Conspicuous consumption and poverty traps
Poverty is no barrier to conspicuous consumption. As Banerjee and Duflo wrote in Poor Economics:
One hidden assumption in our description of the poverty trap is that the poor eat as much as they can. …
Yet, this is not what we see. Most people living with less than 99 cents a day do not seem to act as if they are starving. If they were, surely they would put every available penny into buying more calories. But they do not. In our eighteen-country data set on the lives of the poor, food represents from 36 to 79 percent of consumption among the rural extremely poor, and 53 to 74 percent among their urban counterparts.
It is not because all the rest is spent on other necessities: In Udaipur, for example, we find that the typical poor household could spend up to 30 percent more on food than it actually does if it completely cut expenditures on alcohol, tobacco, and festivals.The poor seem to have many choices, and they don’t elect to spend as much as they can on food.
In a paper published earlier this year, Moav and Neeman proposed an explanation for the relatively high levels of consumption on goods other than food in poor societies. They suggested that some of this consumption is conspicuous consumption, which is driven by the difficulty in signalling status and wealth where it is not recognisable through professional titles or other markers:
[W]we suggest that those with high human capital have a recognisable ability (professional titles, degree certificates etc.) and relatively little need to signal success, whereas those without certified accomplishments, such as the poor and the ‘newly rich’, have a relatively stronger motivation to impress via conspicuous consumption. As a result, the fraction of income allocated to conspicuous consumption can decline, on average, with the level of human capital, resulting in a larger share of income allocated to savings and investment in education.
Conspicuous consumption is only useful to the extent that someone is signalling a quality that cannot otherwise be determined. If the quality is observable, there is no need for the signal.
To explore this idea, Moav and Neeman developed a model in which a person’s knowledge, skills and experience (what is called human capital) is observable to others. However, a person’s income is not directly observable, although it is imperfectly correlated with their human capital. To attempt to signal the unobservable variation in income, a person can engage in conspicuous consumption.
In each model generation, an adult must divide their resources between normal consumption, conspicuous consumption and a bequest to their children, which determines that child’s level of human capital. The adult gets utility from the three options.

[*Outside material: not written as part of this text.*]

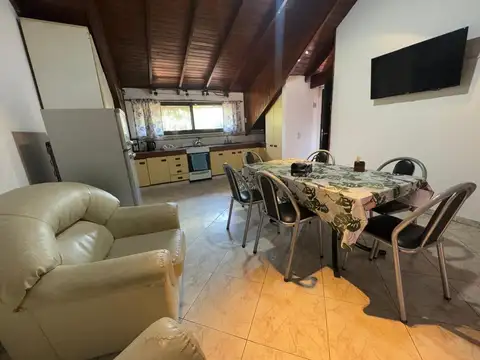 Depto Tipo Casa en Venta de 2 dormitorios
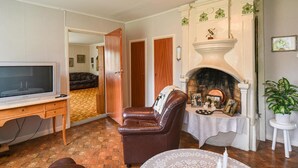 Huis | Woonkamer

Moav and Neeman showed that depending on the relationship between human capital and income, it was possible for the share of conspicuous consumption as a proportion of income to be decreasing with income. That is, the poor would engage in relatively more conspicuous consumption as a share of their income than the rich. The condition for this to occur is that human capital acts as a buffer to negative income shocks, meaning that variation in income is likely to be relatively less as human capital rises.
When this is put into a dynamic context over generations, this situation can turn into a poverty trap. Adults with low human capital tend to invest more in conspicuous consumption, which then prevents investment in the human capital of their children. As a result, the human capital of that dynasty remains low and they stay in a poverty trap. Those with high human capital, however, invest relatively less of their income in conspicuous consumption, which leaves resources for increasing the human capital of their children. As the share of conspicuous consumption as a portion of someone’s income declines with increasing income, the high human capital dynasty ends up in a virtuous circle of increasing human capital and wealth.
I am not convinced of the conclusion of conspicuous consumption leading to poverty traps, as human capital is not purely a function of parental investment. Further, to the extent that conspicuous consumption is a signal of resources and leads to differential reproductive success, the people in the successive generations will only be a subset of the dynasties that were initially in existence. However, as the authors note, there is potential to test this idea by exploring conspicuous consumption across societies and to see whether it varies with variation in the transparency of income.
I would have like to have seen the model placed in an evolutionary setting, particularly given Moav’s background in the area (Moav is one of the authors of the seminal Natural Selection and the Origin of Economic Growth). It is possible to frame the model in evolutionary terms with little need for any model modification. This would answer questions such as why the people prefer to conspicuous consumption, and what is the fitness benefit that allows it to continue to occur? Evolutionary dynamics may be beyond the length of time for which Moav and Neeman seek to explore, but the evolutionary foundations of people’s actions would give robustness to the preference to conspicuously consume.